目黒区立五本木小学校4,5年生130名が授業に参加してくれました。

 2時間目の講師として、海洋研究開発機構地球表層システム研究センター長の原田尚美さんが登場しました。 原田さんは、海底にたまった泥を解析して過去の地球の環境を調べる研究に取り組み、女性初の南極観測隊副隊長も務めました。          


 南極での調査のようすを紹介したあと、原田さんは「海の酸性化」について解説しました。

  「みなさん地球温暖化についてはよく知っていますね。温暖化の原因は?」 原田さんの問いかけに、「二酸化炭素!」という声があがりました。

 「そう。その二酸化炭素が海に溶け込むと、海水が酸性化していきます」

 酸性化の影響を受ける生き物の具体例として原田さんが挙げたのが、炭酸カルシウムの殻をもつプランクトンの一種です。

 このプランクトンは「有孔虫」の仲間です。サイズを拡大し、3Dプリンターで作った立体模型を2種類、子どもたちに手渡しました。

 見かけはよく似た2つですが、一つは重く、もう一つは軽いことに子どもたちは気づきました。

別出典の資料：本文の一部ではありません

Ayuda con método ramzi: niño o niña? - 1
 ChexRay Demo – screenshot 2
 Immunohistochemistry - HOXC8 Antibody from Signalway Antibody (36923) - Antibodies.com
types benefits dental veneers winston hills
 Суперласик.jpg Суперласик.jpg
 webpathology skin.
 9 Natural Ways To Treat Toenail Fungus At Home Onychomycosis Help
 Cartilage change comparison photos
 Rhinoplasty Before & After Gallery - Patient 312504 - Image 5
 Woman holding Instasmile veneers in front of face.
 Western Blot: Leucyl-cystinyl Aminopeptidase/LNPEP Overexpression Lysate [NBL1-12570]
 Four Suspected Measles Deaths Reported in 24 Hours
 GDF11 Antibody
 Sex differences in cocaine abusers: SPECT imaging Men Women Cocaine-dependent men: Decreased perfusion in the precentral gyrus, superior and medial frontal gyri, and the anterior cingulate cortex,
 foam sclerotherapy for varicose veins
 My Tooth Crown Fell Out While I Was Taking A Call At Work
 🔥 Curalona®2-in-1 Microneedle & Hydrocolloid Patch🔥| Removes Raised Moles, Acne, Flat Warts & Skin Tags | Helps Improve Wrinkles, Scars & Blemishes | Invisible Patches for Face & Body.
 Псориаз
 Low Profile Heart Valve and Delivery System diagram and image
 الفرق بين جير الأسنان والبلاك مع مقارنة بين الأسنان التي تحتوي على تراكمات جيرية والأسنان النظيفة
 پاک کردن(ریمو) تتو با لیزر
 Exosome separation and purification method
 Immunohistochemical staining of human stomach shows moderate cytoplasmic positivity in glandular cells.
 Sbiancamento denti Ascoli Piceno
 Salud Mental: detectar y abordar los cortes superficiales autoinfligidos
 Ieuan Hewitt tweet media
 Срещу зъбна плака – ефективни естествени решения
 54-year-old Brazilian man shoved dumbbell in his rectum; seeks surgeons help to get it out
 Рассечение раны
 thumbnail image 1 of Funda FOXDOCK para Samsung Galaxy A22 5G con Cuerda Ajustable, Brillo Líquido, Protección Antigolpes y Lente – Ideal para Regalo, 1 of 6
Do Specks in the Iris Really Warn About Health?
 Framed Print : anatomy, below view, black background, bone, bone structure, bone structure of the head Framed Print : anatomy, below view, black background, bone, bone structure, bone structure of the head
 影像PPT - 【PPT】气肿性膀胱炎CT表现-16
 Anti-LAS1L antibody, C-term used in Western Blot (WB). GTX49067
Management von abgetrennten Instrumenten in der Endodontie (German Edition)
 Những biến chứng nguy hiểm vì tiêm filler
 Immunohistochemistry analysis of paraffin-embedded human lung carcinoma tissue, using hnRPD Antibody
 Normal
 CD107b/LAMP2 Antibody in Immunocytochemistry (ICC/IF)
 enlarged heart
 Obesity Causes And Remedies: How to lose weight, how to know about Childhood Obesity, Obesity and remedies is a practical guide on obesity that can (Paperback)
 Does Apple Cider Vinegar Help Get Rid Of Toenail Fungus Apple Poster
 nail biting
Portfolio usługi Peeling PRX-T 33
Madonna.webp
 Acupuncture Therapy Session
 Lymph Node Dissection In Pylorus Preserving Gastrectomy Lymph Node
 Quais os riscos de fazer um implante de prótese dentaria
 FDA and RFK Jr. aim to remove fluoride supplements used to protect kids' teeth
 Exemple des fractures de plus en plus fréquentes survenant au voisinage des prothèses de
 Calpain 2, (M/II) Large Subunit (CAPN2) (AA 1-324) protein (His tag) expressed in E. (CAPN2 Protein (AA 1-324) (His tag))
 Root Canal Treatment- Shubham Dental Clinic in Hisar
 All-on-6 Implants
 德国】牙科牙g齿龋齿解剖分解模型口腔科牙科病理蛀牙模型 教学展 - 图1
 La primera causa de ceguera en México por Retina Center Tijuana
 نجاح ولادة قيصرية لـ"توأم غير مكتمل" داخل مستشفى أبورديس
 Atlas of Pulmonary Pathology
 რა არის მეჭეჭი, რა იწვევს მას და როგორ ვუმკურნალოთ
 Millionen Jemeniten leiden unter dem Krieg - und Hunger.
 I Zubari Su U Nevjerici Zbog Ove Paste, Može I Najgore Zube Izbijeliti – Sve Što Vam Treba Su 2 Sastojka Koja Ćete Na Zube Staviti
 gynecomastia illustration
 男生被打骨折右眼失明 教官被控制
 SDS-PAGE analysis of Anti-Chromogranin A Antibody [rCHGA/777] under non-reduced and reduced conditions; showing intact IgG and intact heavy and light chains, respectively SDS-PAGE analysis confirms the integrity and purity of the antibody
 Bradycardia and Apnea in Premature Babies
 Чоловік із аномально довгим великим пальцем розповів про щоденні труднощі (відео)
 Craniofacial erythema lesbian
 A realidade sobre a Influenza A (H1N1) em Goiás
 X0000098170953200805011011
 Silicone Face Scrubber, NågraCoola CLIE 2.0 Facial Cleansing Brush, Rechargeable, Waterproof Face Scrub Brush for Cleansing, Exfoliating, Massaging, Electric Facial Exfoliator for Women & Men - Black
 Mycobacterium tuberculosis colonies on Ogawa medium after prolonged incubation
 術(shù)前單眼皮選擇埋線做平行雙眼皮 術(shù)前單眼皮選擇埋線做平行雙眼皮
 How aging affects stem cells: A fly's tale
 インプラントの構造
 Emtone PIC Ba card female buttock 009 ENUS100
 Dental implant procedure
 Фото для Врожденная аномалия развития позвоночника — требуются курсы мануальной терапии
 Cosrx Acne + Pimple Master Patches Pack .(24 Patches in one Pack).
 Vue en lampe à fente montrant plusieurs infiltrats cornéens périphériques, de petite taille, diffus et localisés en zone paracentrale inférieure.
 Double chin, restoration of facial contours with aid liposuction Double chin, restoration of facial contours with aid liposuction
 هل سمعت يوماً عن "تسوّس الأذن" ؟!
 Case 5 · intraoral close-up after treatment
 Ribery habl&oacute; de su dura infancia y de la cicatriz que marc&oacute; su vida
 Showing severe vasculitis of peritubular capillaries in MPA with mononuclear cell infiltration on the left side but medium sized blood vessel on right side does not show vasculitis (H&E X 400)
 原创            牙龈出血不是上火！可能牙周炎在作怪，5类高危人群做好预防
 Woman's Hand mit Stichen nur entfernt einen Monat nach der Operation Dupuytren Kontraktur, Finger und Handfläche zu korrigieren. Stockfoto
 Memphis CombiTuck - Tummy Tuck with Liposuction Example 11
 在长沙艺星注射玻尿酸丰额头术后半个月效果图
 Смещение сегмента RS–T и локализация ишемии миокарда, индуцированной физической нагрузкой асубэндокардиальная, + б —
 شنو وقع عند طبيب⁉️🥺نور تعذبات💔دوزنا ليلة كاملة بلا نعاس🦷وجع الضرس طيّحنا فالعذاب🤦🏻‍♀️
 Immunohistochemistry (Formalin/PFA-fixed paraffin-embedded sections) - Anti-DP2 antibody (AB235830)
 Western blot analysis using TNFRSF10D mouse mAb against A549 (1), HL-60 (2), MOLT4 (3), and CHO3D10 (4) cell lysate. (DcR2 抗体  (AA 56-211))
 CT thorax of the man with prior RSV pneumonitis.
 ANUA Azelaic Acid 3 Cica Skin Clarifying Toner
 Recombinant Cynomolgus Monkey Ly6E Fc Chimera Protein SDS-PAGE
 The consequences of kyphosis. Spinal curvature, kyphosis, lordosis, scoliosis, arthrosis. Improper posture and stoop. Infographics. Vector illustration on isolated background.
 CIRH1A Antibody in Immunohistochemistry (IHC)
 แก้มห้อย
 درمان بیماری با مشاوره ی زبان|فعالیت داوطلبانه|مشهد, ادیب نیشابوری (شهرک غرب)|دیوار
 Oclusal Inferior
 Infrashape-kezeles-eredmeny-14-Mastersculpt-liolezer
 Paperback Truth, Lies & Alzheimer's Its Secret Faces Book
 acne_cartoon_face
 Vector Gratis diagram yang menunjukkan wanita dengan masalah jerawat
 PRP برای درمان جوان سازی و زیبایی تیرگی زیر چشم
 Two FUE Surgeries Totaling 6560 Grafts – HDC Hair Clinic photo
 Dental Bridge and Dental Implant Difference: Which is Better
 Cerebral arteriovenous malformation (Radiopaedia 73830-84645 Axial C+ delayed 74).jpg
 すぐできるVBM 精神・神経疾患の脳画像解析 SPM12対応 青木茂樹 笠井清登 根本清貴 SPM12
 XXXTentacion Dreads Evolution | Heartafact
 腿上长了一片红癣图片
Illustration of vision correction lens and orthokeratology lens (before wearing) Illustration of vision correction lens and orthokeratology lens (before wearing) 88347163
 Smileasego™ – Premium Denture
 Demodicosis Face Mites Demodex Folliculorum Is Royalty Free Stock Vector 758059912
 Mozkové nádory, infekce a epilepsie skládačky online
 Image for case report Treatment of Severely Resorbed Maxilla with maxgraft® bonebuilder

 軽いほうの有孔虫は、酸性化の影響を受けたもので、人間でいえば「骨粗鬆症」という、骨がスカスカになる病気に似た状態です。 炭酸カルシウムの殻をもつ貝の仲間も、酸性化の影響を受けます。

 海の中を泳ぐ「翼足類」という巻貝もその一つです。

 実は、翼足類は、「海の妖精」とも呼ばれるクリオネのエサなのです。酸性化で翼足類がいなくなると、クリオネも生きていくのが難しくなるといいます。

 次に原田さんが映した写真は、桶の中に並んだお寿司です。ホタテガイやアワビ、ウニ、エビなど、どれもおいしそうです。 原田さんは海の酸性化が進むと、将来、貝類や甲殻類などの寿司ダネが減ってしまうかもしれないことを説明しました。

 そして、「海の中の問題はプラスチックごみだけではないということを、今日おうちに帰ったら家族の人たちに教えてあげてください」と子どもたちに呼びかけました。